The squadron was reformed on 6 December 1940, initially flying Bristol Blenheim light bombers on convoy escort duties. In June 1941 the squadron was re-equipped with Bristol Beaufort torpedo bombers, and began minelaying sorties on 15 July. After flying reconnaissance and air-sea rescue missions for three months the squadron started anti-shipping strikes, with the first torpedo bomber operation taking place on 12 December.
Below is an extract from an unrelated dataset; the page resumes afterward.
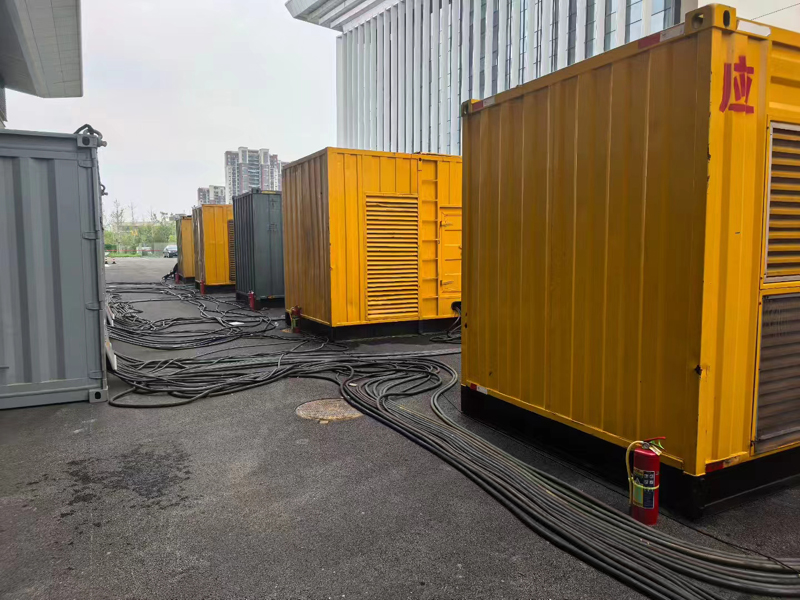 建昌柴油发电机组冬季保养有哪些注意事项？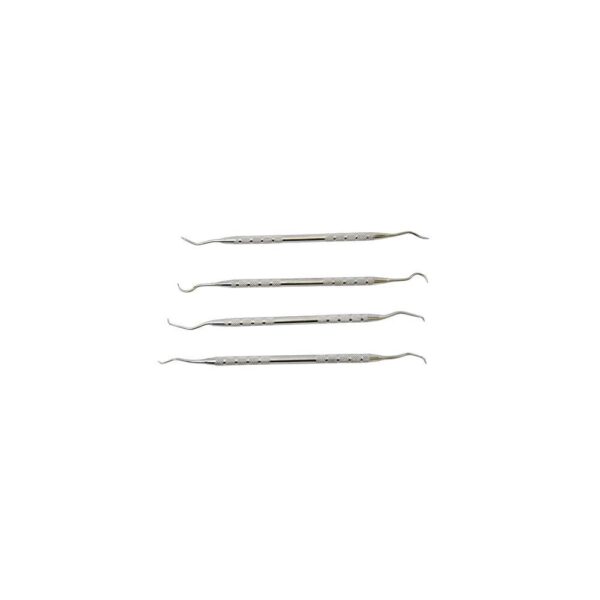 Tipton Stainless Steel Cleaning Pick Set 4/ct - Precision Shot Firearms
In March 1942 the Squadron moved to northern Scotland to engage in patrols and strikes on the Norwegian coast, before being converted to the Consolidated Liberator by early 1943. In March of that year, it moved to Northern Ireland to fly anti-submarine patrols, before moving to RAF Reykjavík, Iceland, a year later. In July 1944 the Squadron return to Scotland, where it remained for the rest of the war.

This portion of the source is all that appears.